Published in July 2015, the report critically analyses social impact bonds as a means to address financing and social service delivery issues.
According to the report, as at 1 March 2015, there were 38 SIBs in existence worldwide. The 38 SIBs included in the study each related to one of four broad social issues: education, employment, criminal justice and social welfare.
SIBs are a type of ‘payment by outcomes’ funding mechanism which engages private capital. Typically, instead of a government paying directly for the provision of a social service, private investors provide capital to a service provider to achieve agreed-upon social outcomes. If these outcomes are achieved, there are cost savings to government, which are used to repay the upfront investment along with a financial return.

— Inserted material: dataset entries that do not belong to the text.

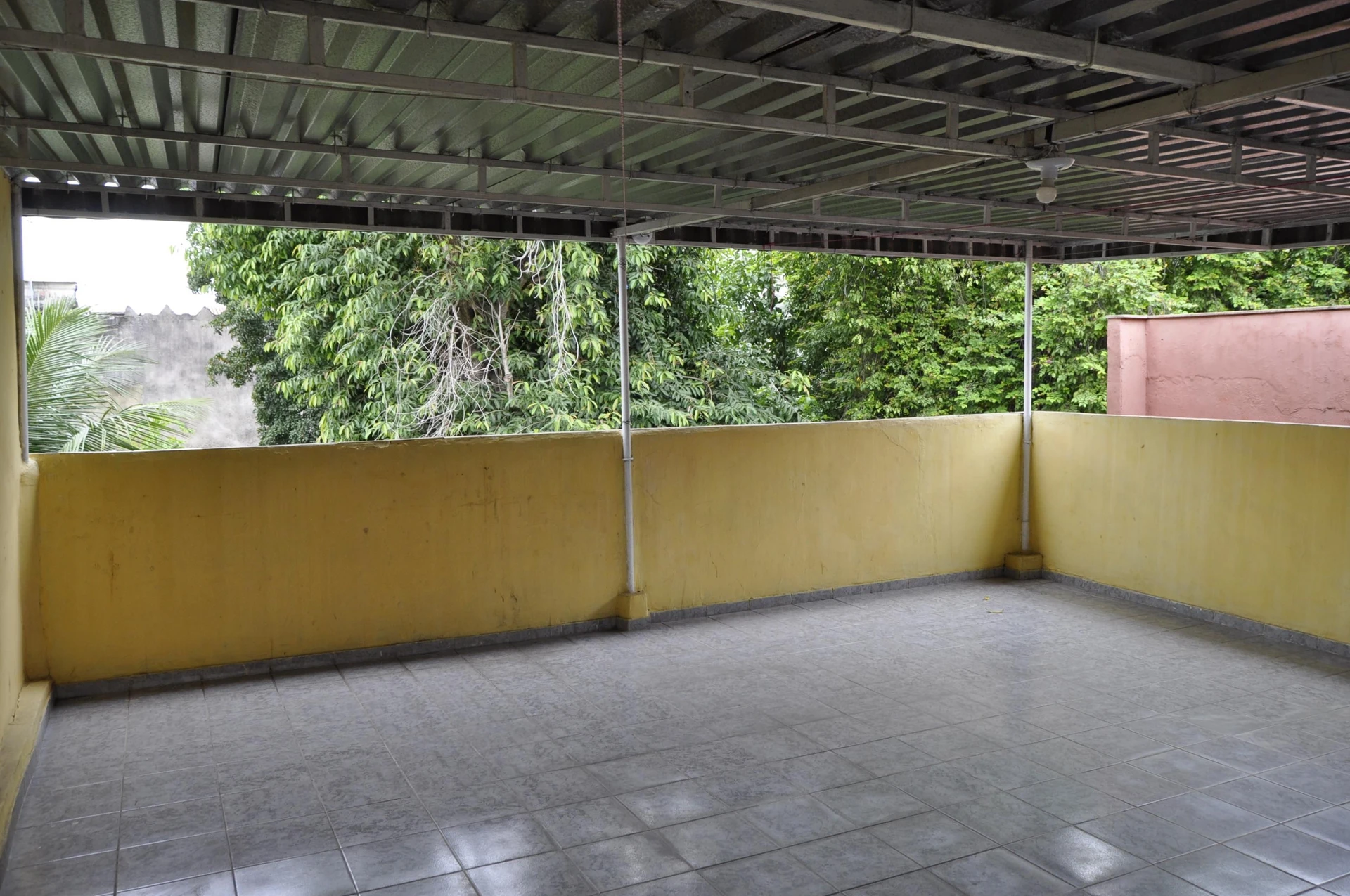 Garden in a 2-bedroom house, 50 m² — photo 7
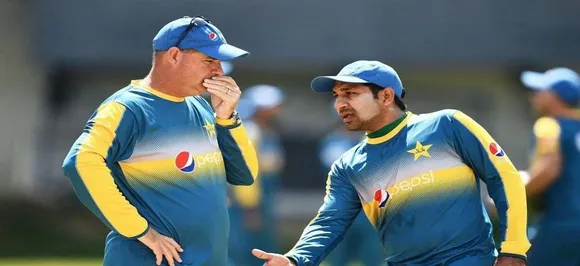Mickey Arthur, Pakistan cricket coach, gets one demerit point for dissent at third umpire decision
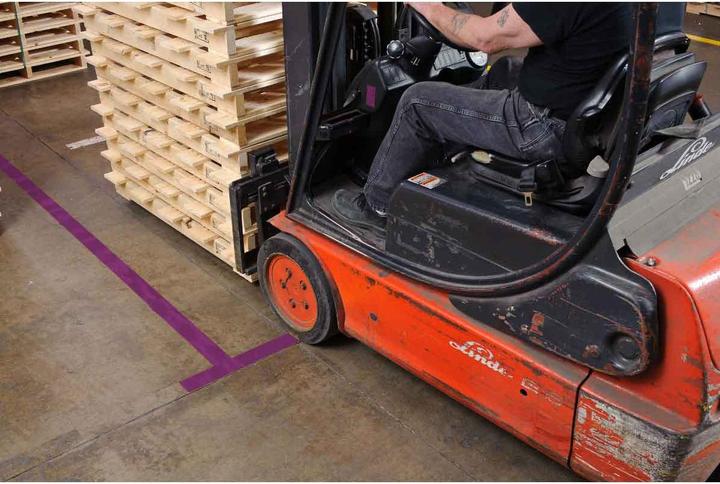 Produktbild Brady B-514 ToughStripe Bodenmarkierbänder Polyester Violett 101.6 mm x 30.48 m 1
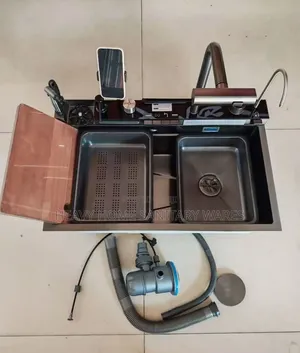 Kitchen Sink With Selfie Stick Holder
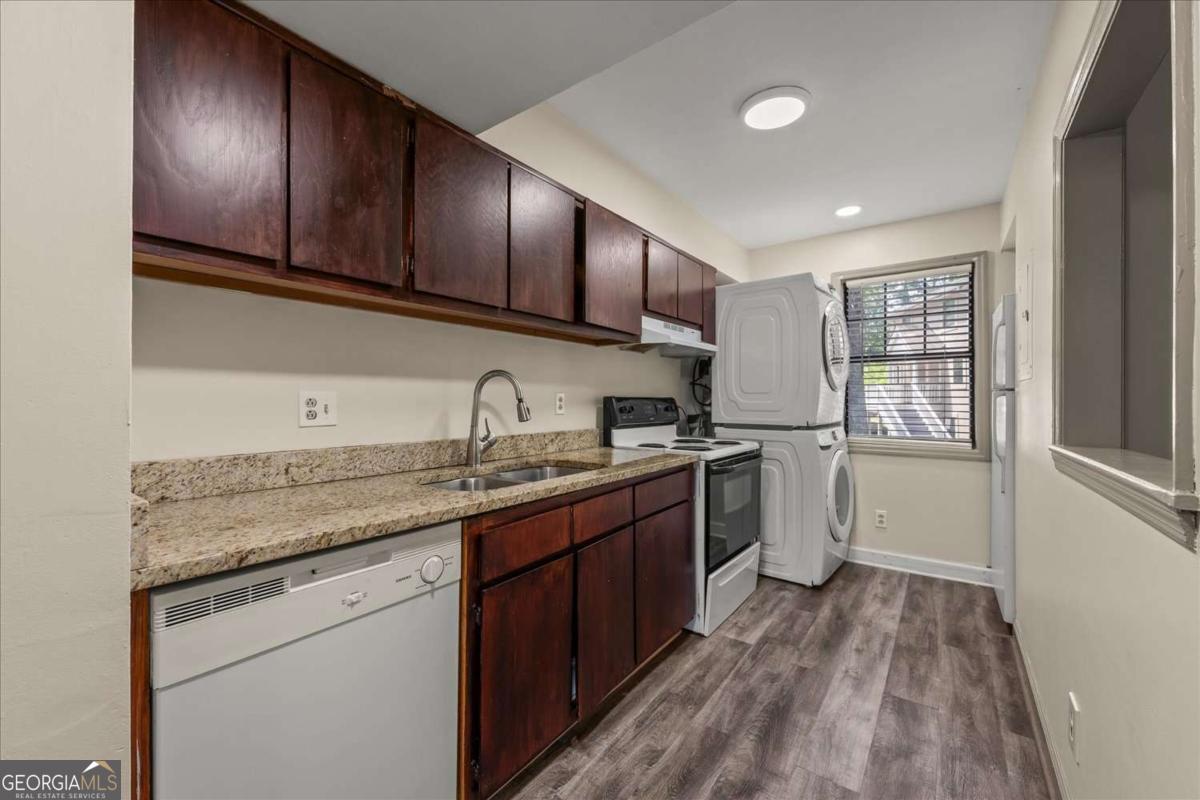 210 Appleby Drive Property Photo 8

The report provides useful information about:
- the global social impact bond landscape
- the development process for an impact bond transaction, including four major stages and the various entities involved in the process
- 10 common claims about what SIBs are able to achieve compared with the report findings
In addition to detailing the findings on the above issues, the report makes a number of conclusions around the future of the impact bond market, such as:
- So far, SIBs have focused on a handful of sectors and problems with certain characteristics (government is already contracting to nongovernmental agencies to deliver the service, outcomes are measurable and the areas are not core services under government responsibility);
- There is enormous variation in the deals with respect to the structure, mechanics and stakeholder roles, demonstrating a great flexibility in how a deal can be structured;
- Of the 38 SIBs studied, the four main factors that were critical to getting a deal together included measurable outcomes, evidence of intervention impact, government support, and dedication and collaboration of stakeholders.
The report is optimistic about the future for the development of more impact bonds, although acknowledges the need for substantial effort on stakeholders’ behalf. Whilst it comprehensively covers the existing landscape up to 1 March 2015, the report does note that some information will become more certain as impact bonds continue to mature.